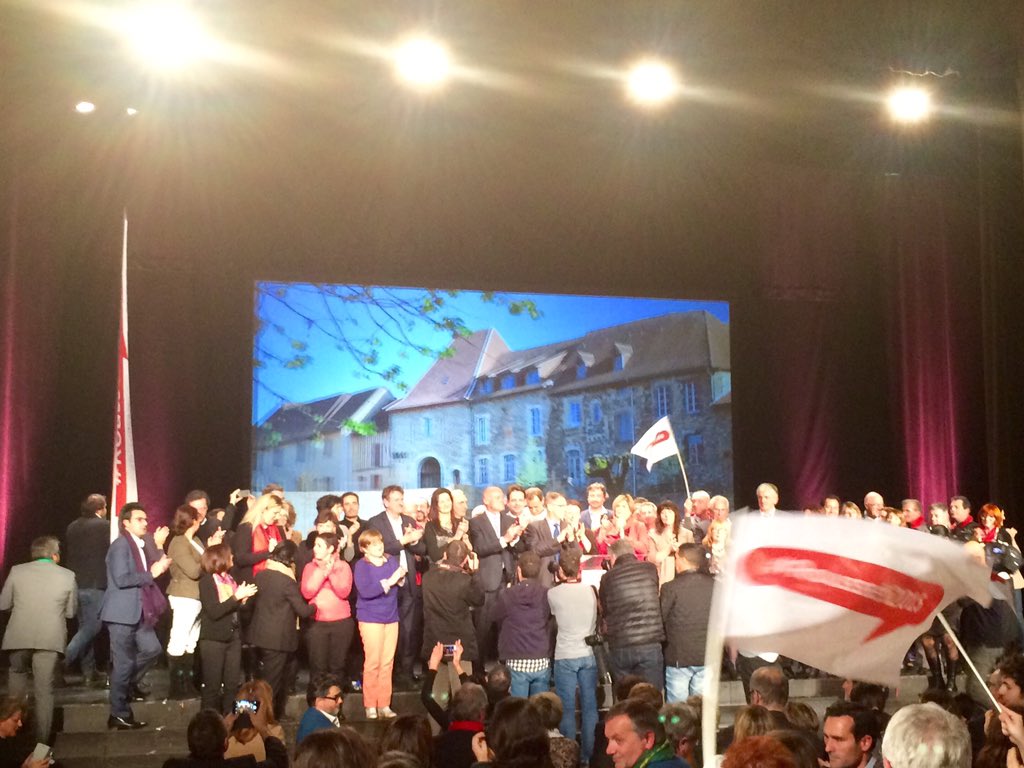 al_rousset's tweet photo. Merci d'être venus si nombreux ! Merci aux intervenants qui ont placé l'Homme au cœur de leurs discours #Rousset2015 https://t.co/GfZnJPSCnT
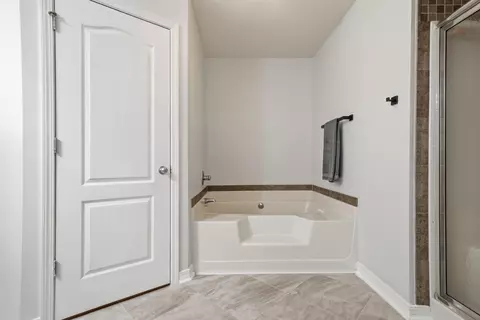 Bath - 2370 Barberee Dr, Crestview, FL 32536 photo 1 of 5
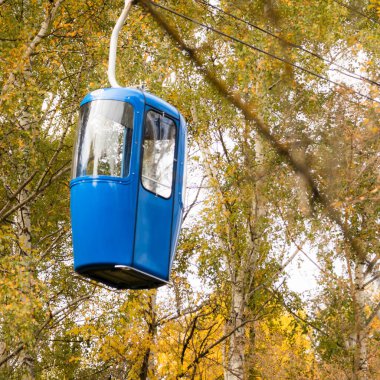 Sonbahar sarı altın ormanında mavi bir kablo kulübesi var. Ukrayna 'da gezmek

^^^^

• What you should do
The data above should be set down again exactly, with the pictures omitted.

• Completed task
 al_rousset's tweet photo. Merci d'être venus si nombreux ! Merci aux intervenants qui ont placé l'Homme au cœur de leurs discours #Rousset2015 https://t.co/GfZnJPSCnT
 Bath - 2370 Barberee Dr, Crestview, FL 32536 photo 1 of 5
 Sonbahar sarı altın ormanında mavi bir kablo kulübesi var. Ukrayna 'da gezmek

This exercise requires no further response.